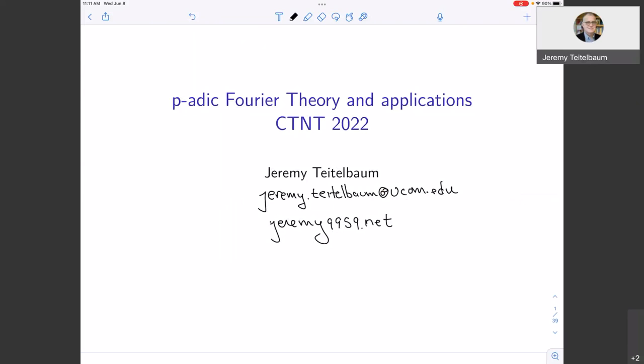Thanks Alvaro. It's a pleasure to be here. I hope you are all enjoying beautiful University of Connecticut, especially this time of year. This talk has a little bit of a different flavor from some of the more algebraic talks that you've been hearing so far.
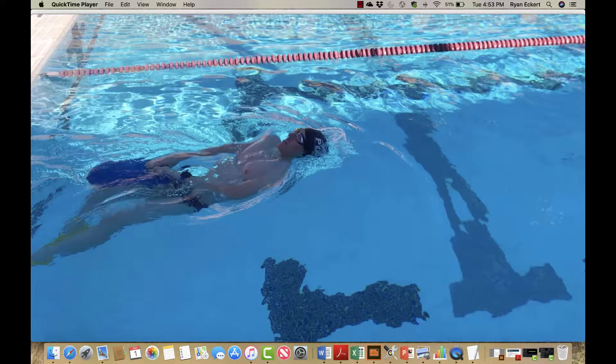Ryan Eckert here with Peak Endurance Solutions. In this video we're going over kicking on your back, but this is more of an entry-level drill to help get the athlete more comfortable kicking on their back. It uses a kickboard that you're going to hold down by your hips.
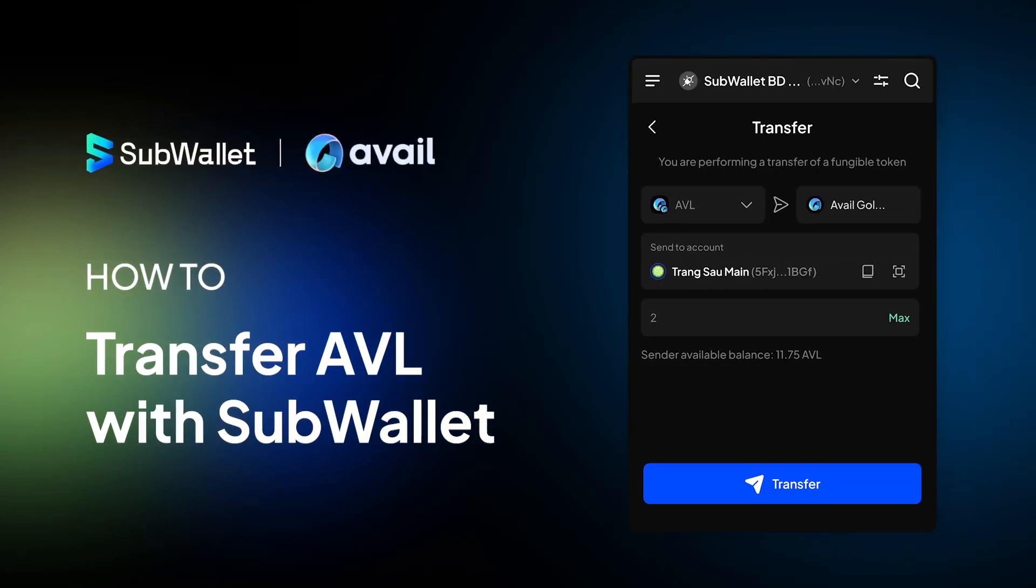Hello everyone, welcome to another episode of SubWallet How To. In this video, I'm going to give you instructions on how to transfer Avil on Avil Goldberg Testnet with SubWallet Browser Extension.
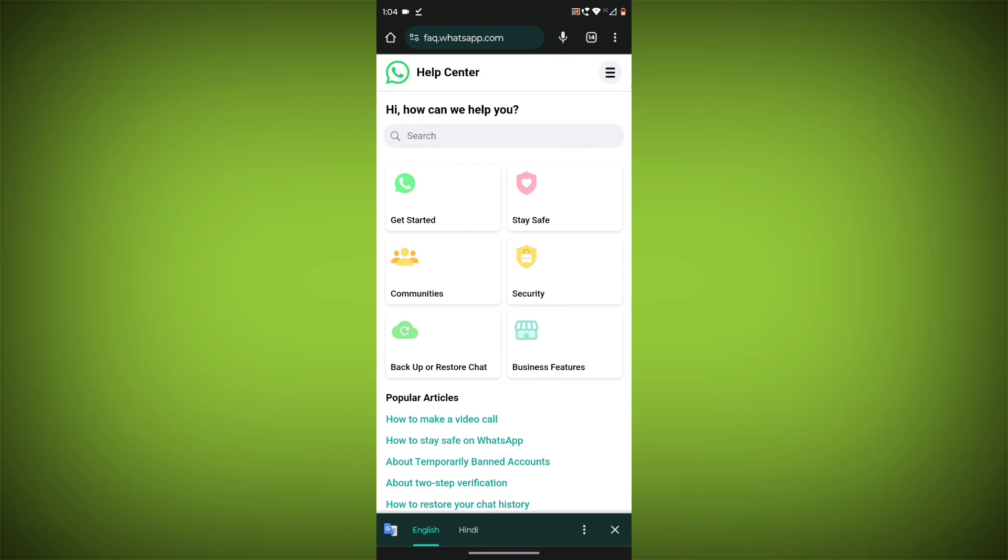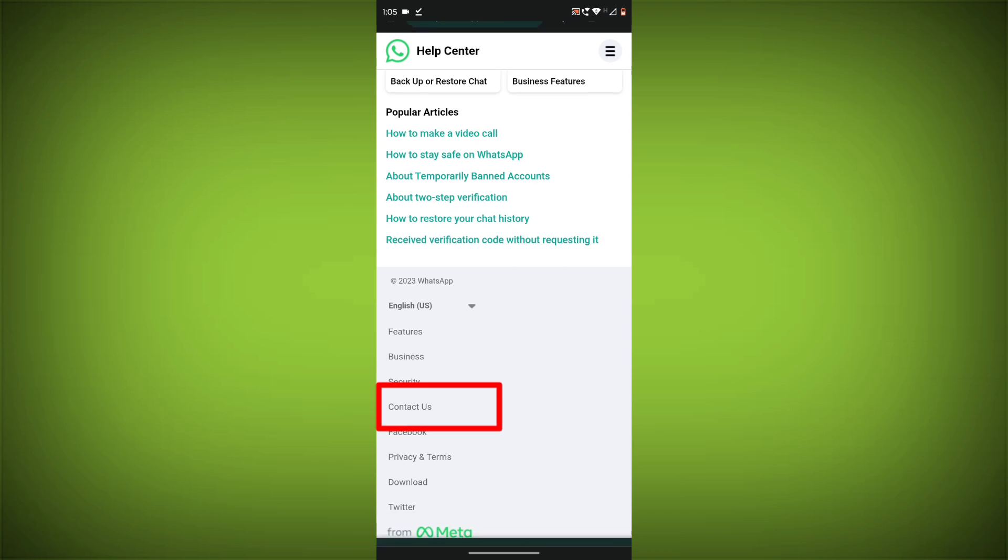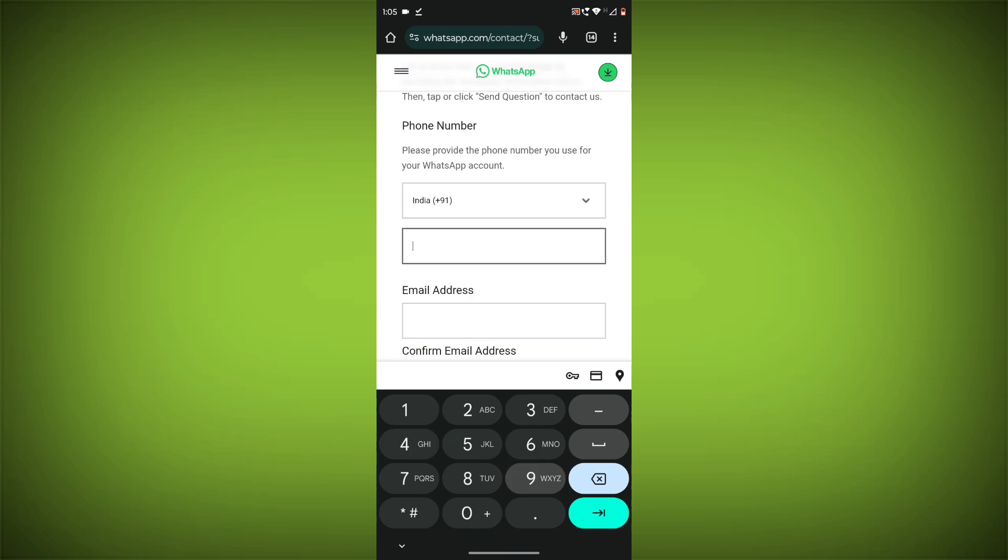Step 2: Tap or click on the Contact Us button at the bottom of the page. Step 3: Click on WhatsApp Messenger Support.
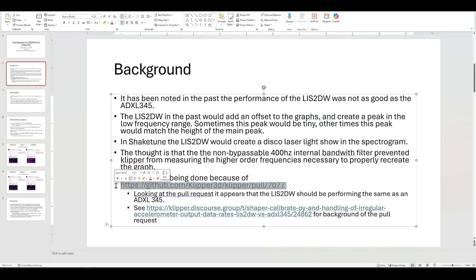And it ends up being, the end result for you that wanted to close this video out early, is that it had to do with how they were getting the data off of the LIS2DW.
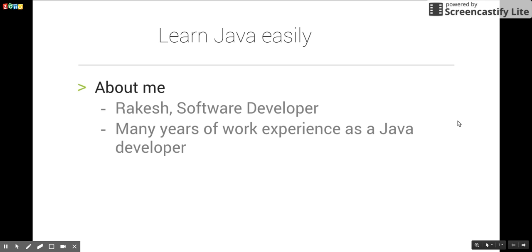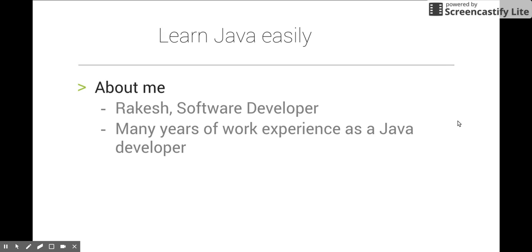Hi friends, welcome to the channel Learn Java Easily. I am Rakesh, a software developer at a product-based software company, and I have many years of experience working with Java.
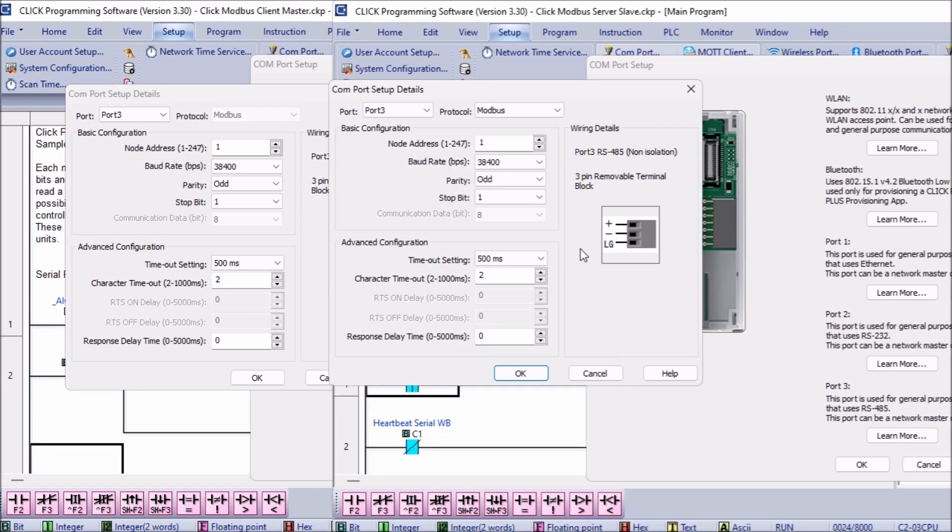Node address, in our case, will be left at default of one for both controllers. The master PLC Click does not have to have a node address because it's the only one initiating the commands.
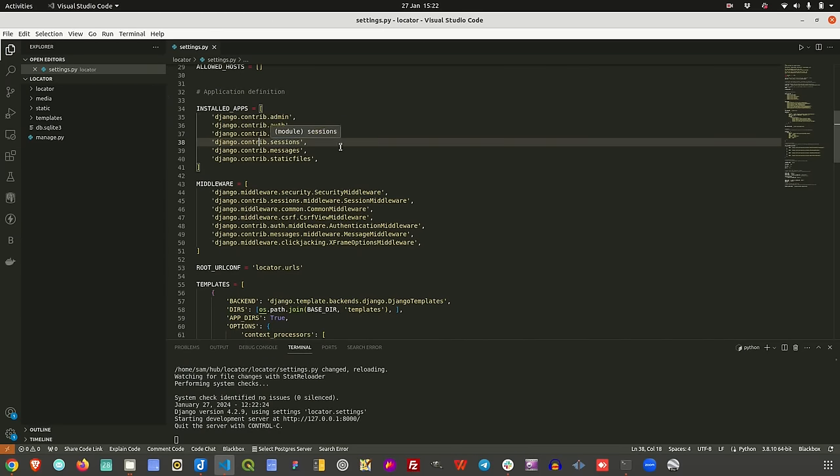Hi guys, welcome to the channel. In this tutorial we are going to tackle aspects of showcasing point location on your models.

WORK TASK → The required output is every line from the beginning of the material above through the line with "Step 2: Tap", exact and without pictures.

RESPONSE FOR THIS EXERCISE →
Thanks Alvaro. It's a pleasure to be here. I hope you are all enjoying beautiful University of Connecticut, especially this time of year. This talk has a little bit of a different flavor from some of the more algebraic talks that you've been hearing so far.
Ryan Eckert here with Peak Endurance Solutions. In this video we're going over kicking on your back, but this is more of an entry-level drill to help get the athlete more comfortable kicking on their back. It uses a kickboard that you're going to hold down by your hips.
Hello everyone, welcome to another episode of SubWallet How To. In this video, I'm going to give you instructions on how to transfer Avil on Avil Goldberg Testnet with SubWallet Browser Extension.
Step 2: Tap or click on the Contact Us button at the bottom of the page. Step 3: Click on WhatsApp Messenger Support.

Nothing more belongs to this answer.